Interesting article, but this quote is absolutely sickening:
> Because of its volume—and its occasional ruthlessness—Apple gets big discounts on parts, manufacturing capacity, and air freight. “Operations expertise is as big an asset for Apple as product innovation or marketing,” says Mike Fawkes, the former supply-chain chief at Hewlett-Packard (HPQ) and now a venture capitalist with VantagePoint Capital Partners. “They’ve taken operational excellence to a level never seen before.”
Crediting a company that until very recently employed slave labour with "occasional ruthlessness" and "taking operational excellence to a new level" is just disgusting.
There is still no excuse for that. They should be grovelling on the ground begging for forgiveness, not being commended for it!!
At least thanks to this article we know how that situation came to being... Just a little harmless "occasional ruthlessness".
Slave labour? Really? Since Apple products are made my Foxconn, which also make products for a number of other manufacturers, aren't they then complicit too? How about Foxconn?
Apple [..] sometimes doesn't pay until as long as 90 days after it uses a part [...]
I think only "lame". With $80B and 40% margin, company with that reputation...

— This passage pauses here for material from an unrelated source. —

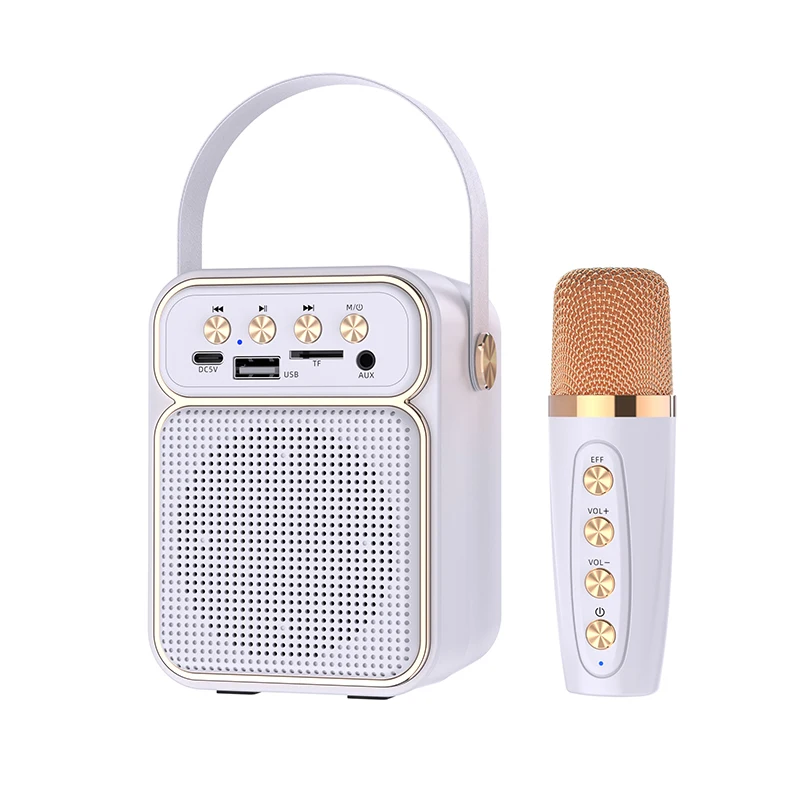 ES-4049 Karaoke Machine with Wireless Microphones Portable Bluetooth PA System Subwoofer Support TWS Radio AUX In, REC,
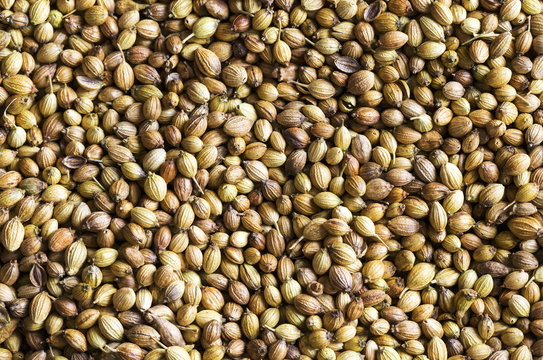 Extreme close up of coriander seeds, Calgary, Alberta, Canada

Manufacturing is hard. And very expensive. Organize processes, buy machines and raw materials, pay the labor. And then comes Apple and gives itself a loan (basically, it's a loan) from a manufacturer.
No, sorry. It's lame.
PS - Just as a perspective: I help part time in a company my father and brother own (retail and manufacturing company). Even thou other businesses in the industry and the country do the same thing as Apple, they don't. I'm disgusted by that practice here...so, why not be disgusted by it when Apple does it?